I costi economici e sociali della pandemia incidono sui bilanci aziendali, ma anche su quelli personali di migliaia di addetti che rischiano di perdere il lavoro. Quanti istituti e quante imprese saranno in grado di sopravvivere, e a quali condizioni? E il prezzo culturale e civile che pagherebbe una comunità in cui il libro fosse relegato ai margini come possiamo calcolarlo? Non ci voglio neppure pensare.

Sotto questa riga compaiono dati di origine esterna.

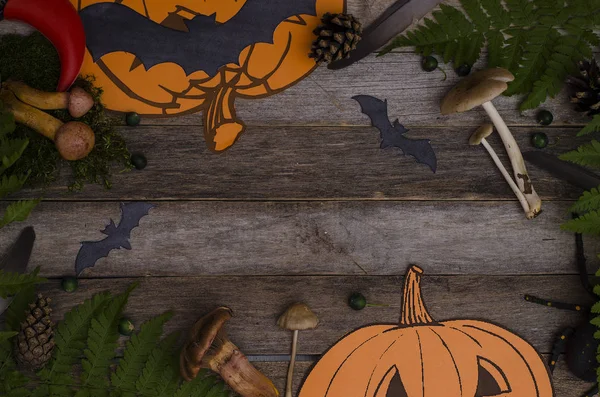 Halloween fond avec espace de copie - ingrédients pour la potion de sorcellerie : champignons toxiques, baies, plumes, cônes — Photo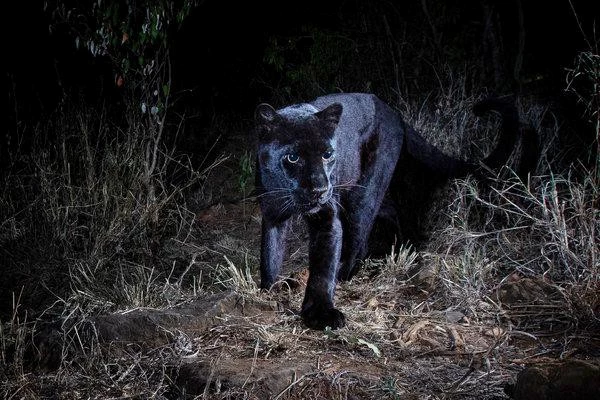 Một cá thể báo đen quý hiểm tại châu Phi mới đuợc phát hiện sau hơn 100 năm (Ảnh: Will Burrard-Lucas)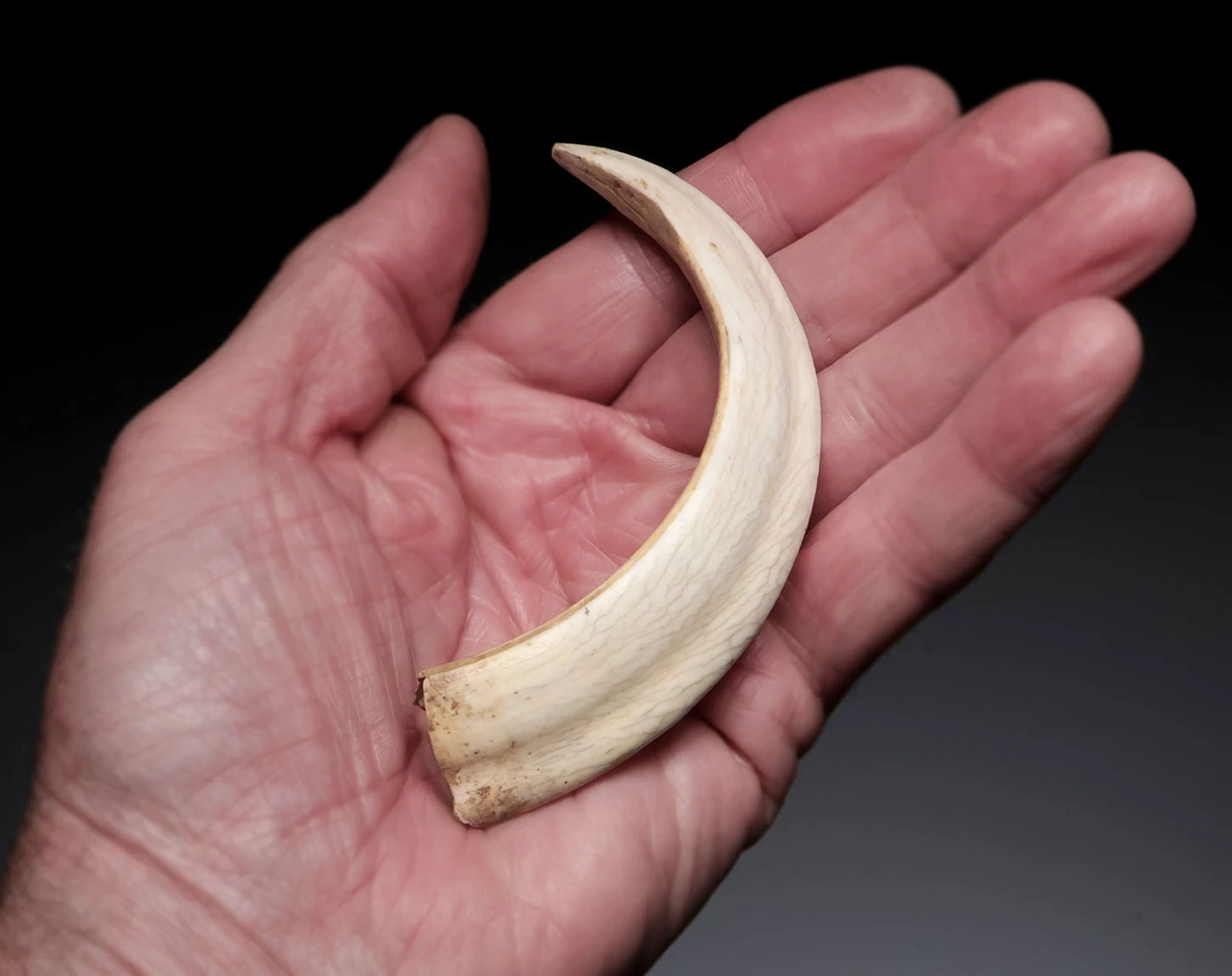 BEST AND LAST OF THE COLLECTION - ARDENNES FOREST BELGIUM  ICE AGE WILD BOAR FOSSIL STABBING TUSK FROM A CAVE HYENA DEN  *LMX337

Ma abbiamo il dovere di cercare di capire quale futuro aspetta il mondo del libro. Per il momento, la buona volontà non manca. Tanti editori, librai, bibliotecari, operatori del mondo dell’associazionismo e del volontariato stanno cavalcando la rete, facendo l’impossibile: sul web si sono moltiplicati spazi di discussione sui libri e incontri con autori, tutti intensamente partecipati. L’uso degli e-book, che languiva, è schizzato in alto del 300%. Anche le soluzioni ibride stanno funzionando: in alcuni casi ci si sforza di fornire servizi – come la consegna dei libri a domicilio da parte delle librerie o l’offerta di servizi on-line da parte delle biblioteche – che per la verità altri competitor già offrono, forse con minore qualità ma con ben altra forza comunicativa.

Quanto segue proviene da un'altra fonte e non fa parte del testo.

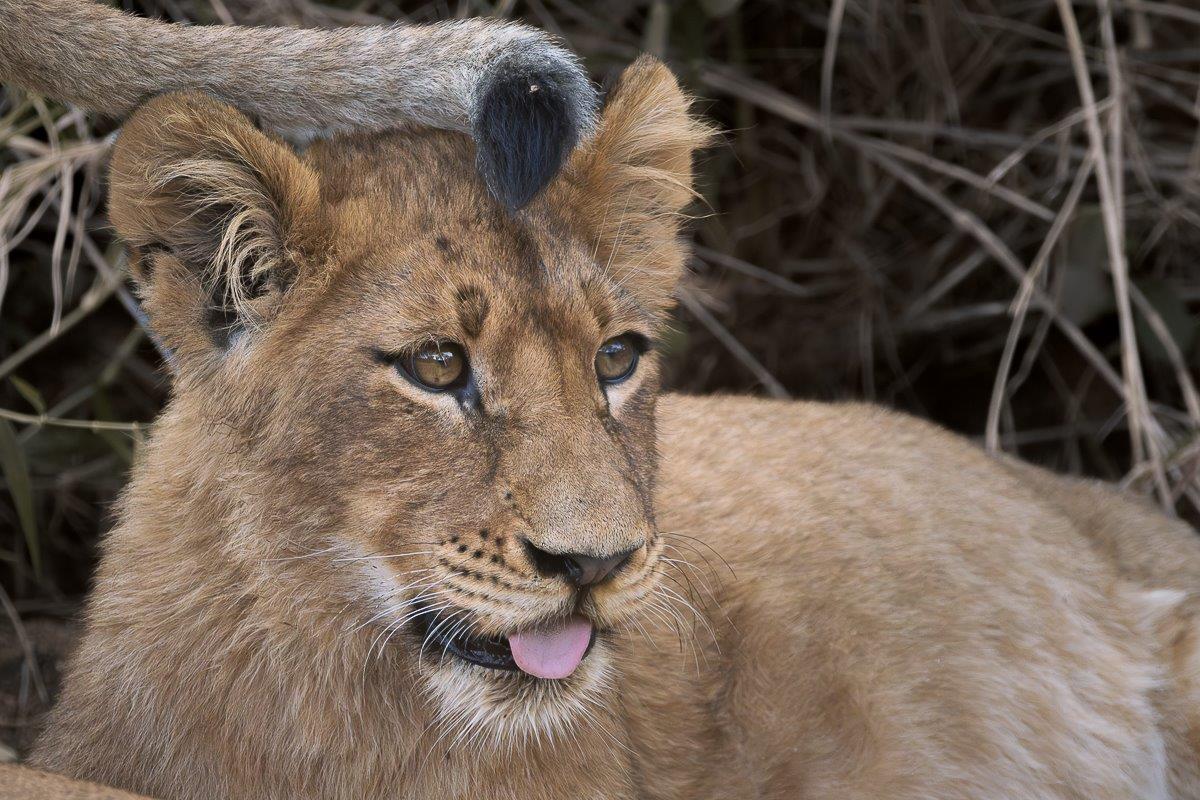 Sitting in the presence of the Southern Pride of lions is always spectacular, something that never gets old.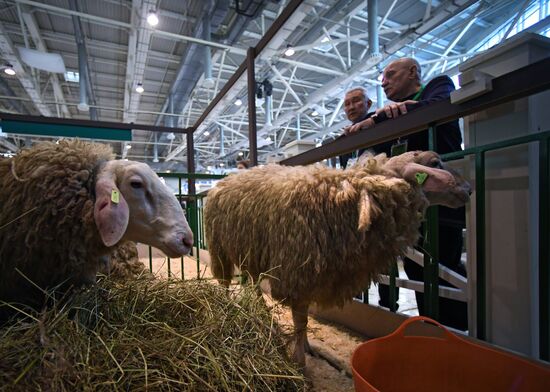 Moscow hosts Agro-Farm 2018 International Exhibition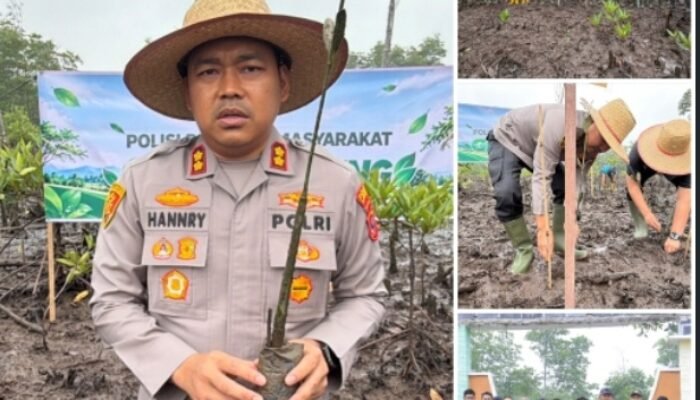 Kapolres Langkat Bersama Masyarakat Tanam Mangrove, Jaga Ekosistem Pesisir dan Dukung Ekonomi Nelayan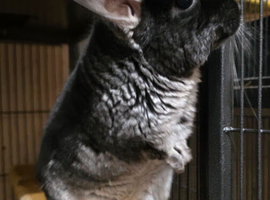 Beautiful Black Velvet Chinchilla girl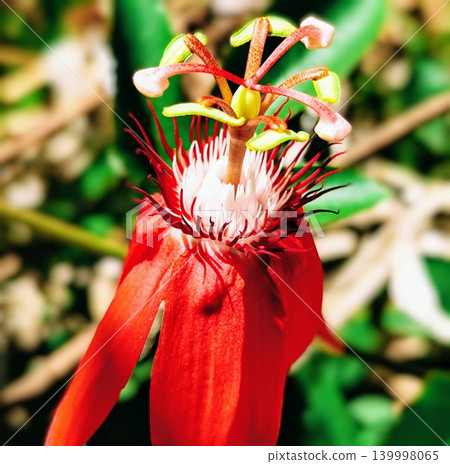 Passiflora Vitifolia flowers are in bloom with beautiful "red granadillas", Passiflora Vitifolia flowers are in bloom with beautiful "red granadillas", 139998065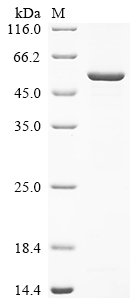 SDS-PAGE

Assai complessa una progettazione della ripresa. A questo proposito, va detto che le idee attualmente messe sul tappeto paiono assolutamente inadeguate. Tutti chiedono che venga incentivata la domanda e che siano sostenute le imprese, invocando un “tavolo” che concerti con il governo misure idonee a fronteggiare l’emergenza. Intendiamoci: le associazioni fanno benissimo a difendere gli interessi delle categorie che rappresentano, ma si tratterebbe, nella migliore delle ipotesi, di interventi utili a dare una boccata d’ossigeno al settore e riportarlo alla situazione di partenza, che non era esaltante, come si è visto.

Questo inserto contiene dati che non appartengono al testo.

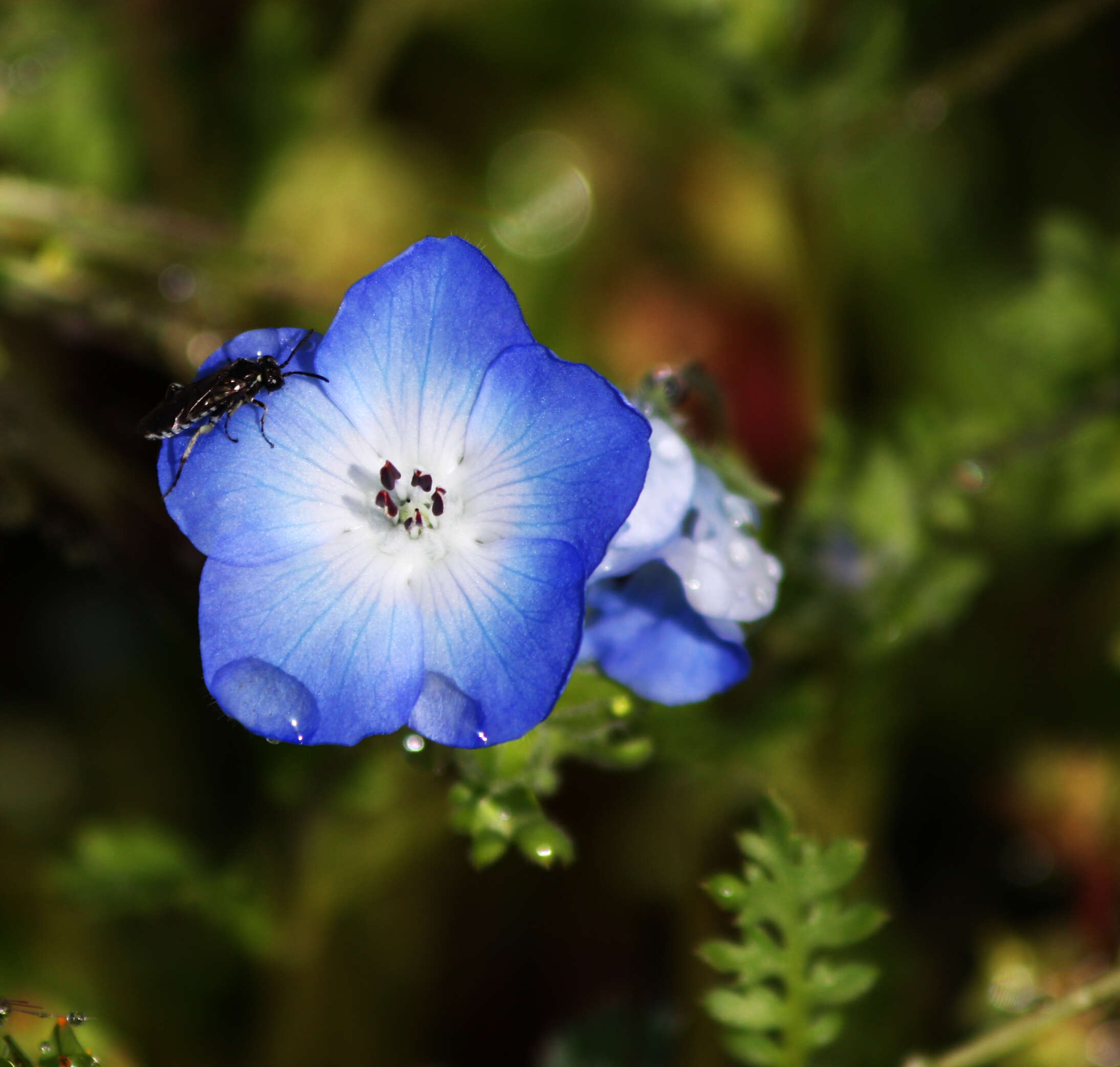 Image of baby blue eyes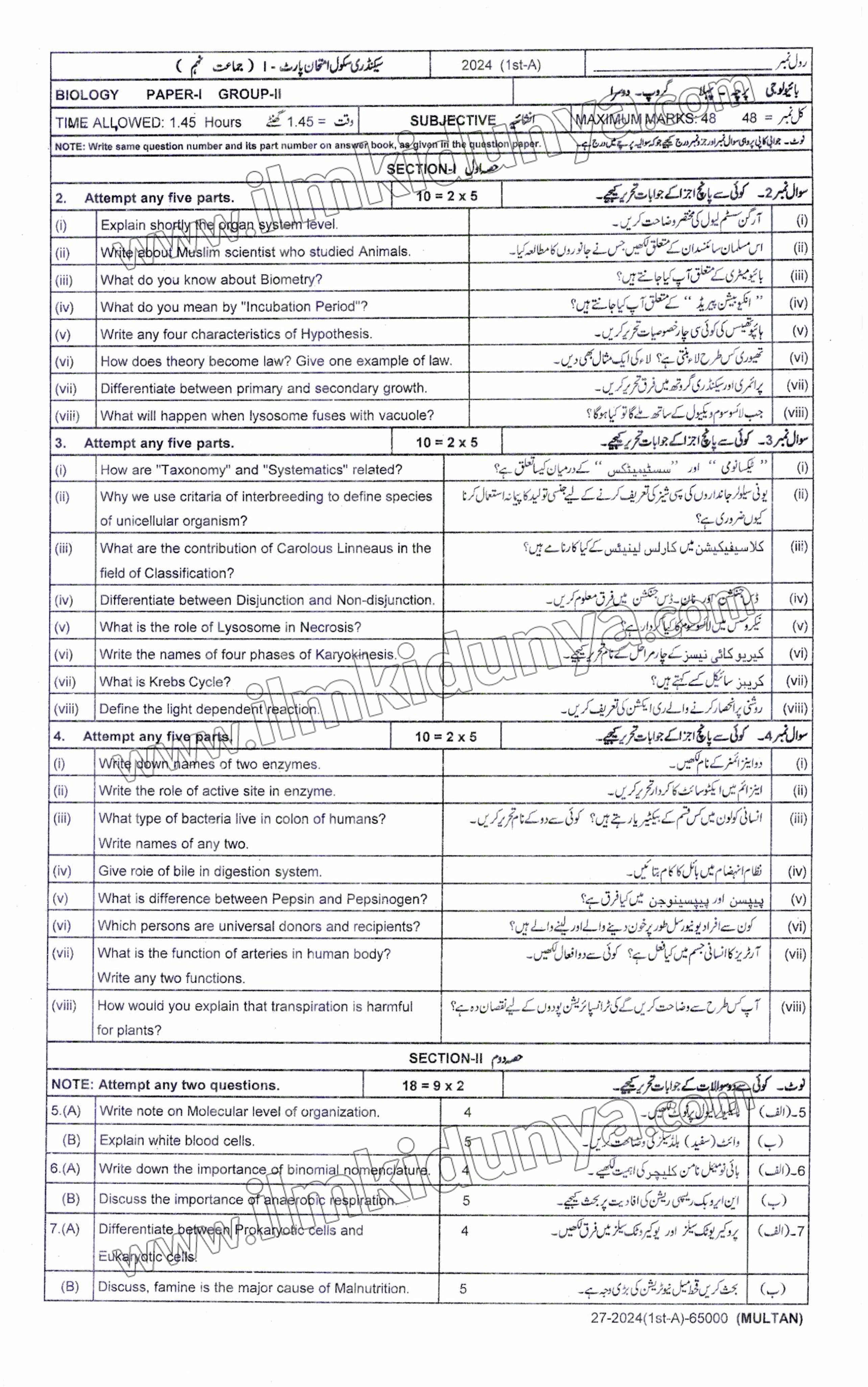 Paper Image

Una incisiva politica per il libro ha bisogno di un orizzonte temporale e di un respiro progettuale diverso. Cambia il paradigma delle nostre esistenze e qualsiasi tipo di offerta, anche per il libro e la lettura, va totalmente ripensata. L’obiettivo deve essere innanzi tutto quello di creare le condizioni per allargare le basi sociali della lettura, che in Italia sono ancora troppo ristrette, ma bisogna anche immaginare lo spazio che i libri, e ancor prima le parole scritte, potranno occupare nel mondo che uscirà dalla pandemia da Covid-19. Quindi bisogna lavorare sullo sviluppo di una nuova proposta, adeguandola agli stili di vita e di consumo culturale che si affermeranno nei prossimi decenni. Servono risorse – finanziamenti a fondo perduto e non prestiti che, sia pure agevolati, rischierebbero di essere poco utilizzati – per l’innovazione della filiera del libro e per consentirle di fare un salto di qualità: investimenti in tecnologie, sperimentazione di nuovi prodotti editoriali e nuovi circuiti distributivi, formazione degli operatori a nuove funzioni, e altro ancora, in modo che l’editoria possa essere pronta a giocare la partita della rinascita.